5/10
What happened??
8 February 2020
Warning: Spoilers
"The Screaming Mimi" is based on a detective novel published around 1950 in which beautiful young women are being murdered. In the book, a hardboiled reporter named Sweeney becomes obsessed with solving the case, but the only leads he has are that one of the victims has survived, and that a macabre statuette of a screaming woman seems to link all the victims together. This is the same plot as the movie follows, but what boggles my mind is how badly the movie screenplay handles the events depicted in the book. The book only reveals it's secret at the very end. The movie, however, reverses the order in which the truth is uncovered, thereby destroying the entire twist.

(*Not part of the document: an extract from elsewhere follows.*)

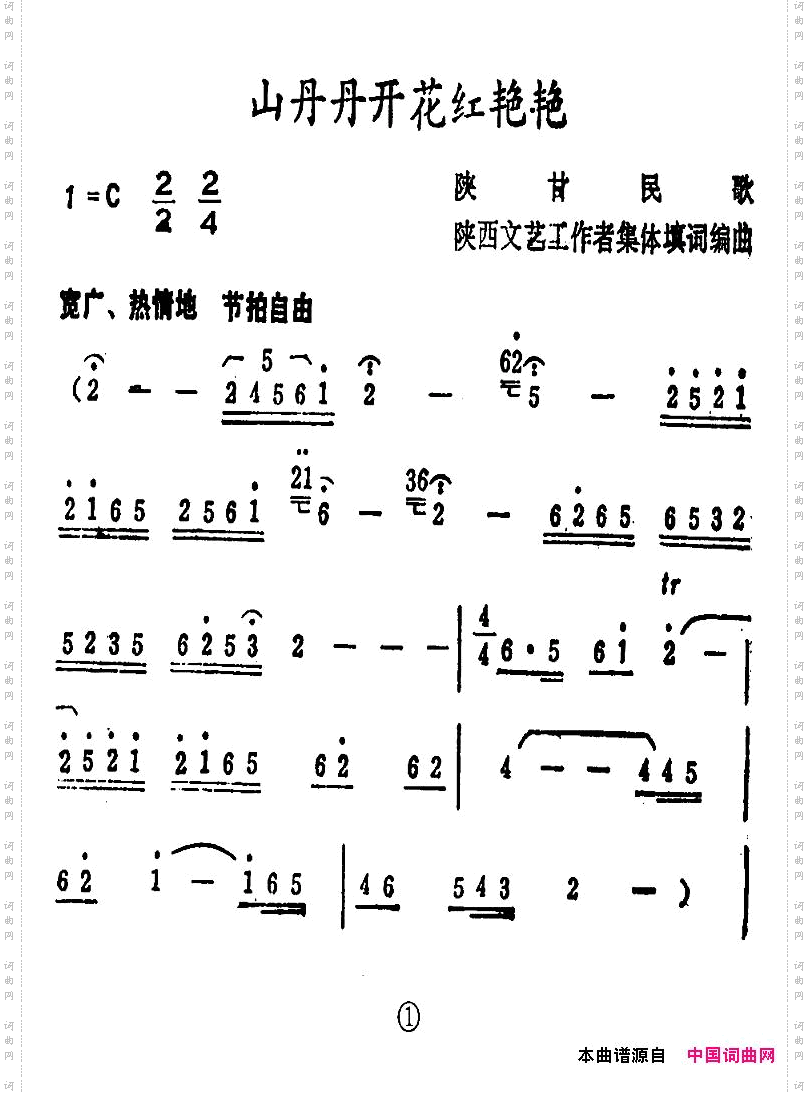 山丹丹开花红艳艳_版本一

*Spoilers follow from here!*

The movie opens with Anita Ekberg as Virginia, having a mental breakdown after being menaced by an escaped asylum escapee with a knife. The movie then flashes forwards to Ekberg again, who, after years of therapy, has changed her name to Yolanda, and is now trying to start a new life as a stripper (a sure fire way of having stable mental health!). She is then attacked again, apparently by the maniac who has already stabbed and killed several other women, and this is when the reporter Sweeney starts to take an interest in the case. Sweeney follows up clues, investigates who else had a copy of the statuette (it is a mass produced item), and generally starts to fall in love with Yolanda, who occasionally suffers night terrors and moments of memory loss. Eventually Sweeney manages to work out who the murderer is, but by that time, you may have nodded off.

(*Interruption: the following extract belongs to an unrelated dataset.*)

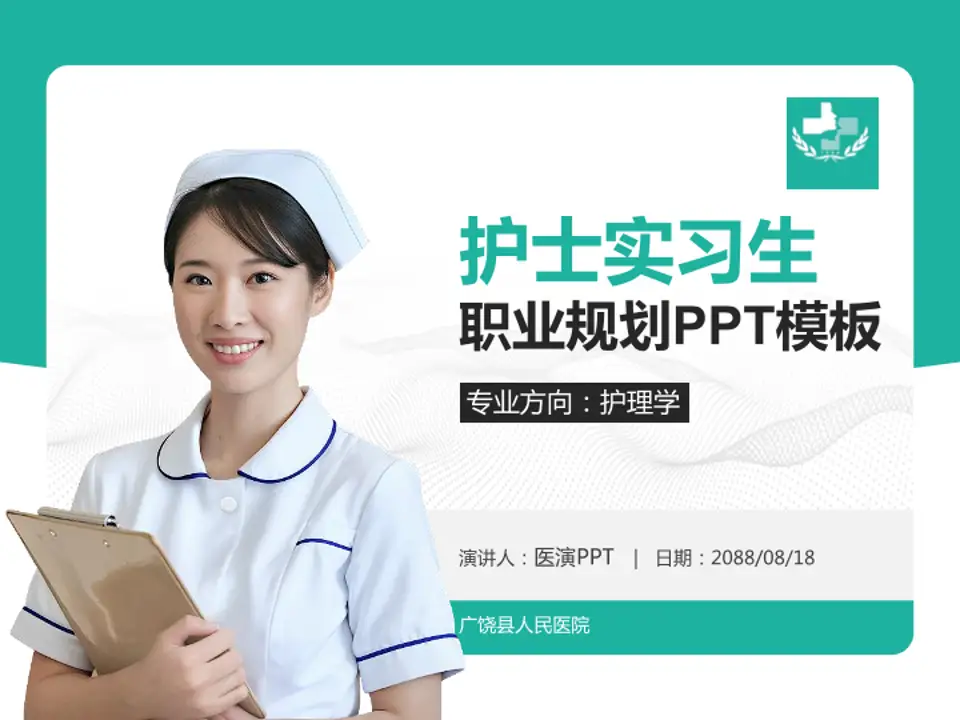 广饶县人民医院护理专业职业生涯规划PPT模板4:3格式PPT封面效果预览图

I can't quite put my finger on why, but watching the movie is a really boring experience. None of the acting is any good. The two leads deliver really drab performances. There are many boring scenes set in the nightclub where Yolanda does her act. But the worst part is the way the movie messes up the plot of the book, which I will now explain:

*Last chance to avoid spoilers*

In the novel, we don't know about Virginia or her trauma. Sweeney only knows that there have been knife murders, and that the screaming statuette is somehow linked. Only at the very end of the book do we discover that the statuette depicts Virginia, and this is the first time we learn about the original attack and resulting trauma, and that Virginia and Yolanda are the same person. Yolanda is psychotic and it is in fact she who has been performing the murders, but outwardly she has been exhibiting a calm and controlled persona. That's the book. What the movie does, is blow this revelation by showing the original trauma at the start, showing that the statue is based on Virginia's terror, and showing that Yolanda is suffering from memory loss and nightmares, and shows that the sight of the statuette triggers her. What a disaster. There's no real attempt to divert suspicion away from her, so what we end up is a character study of Ekberg's madness, rather than the surprise explanation that didn't come to light until the final few pages of the book.

As a movie, watched with no prior knowledge of the book, it still doesn't work because everything that happens is so unconvincing. A sad waste of time.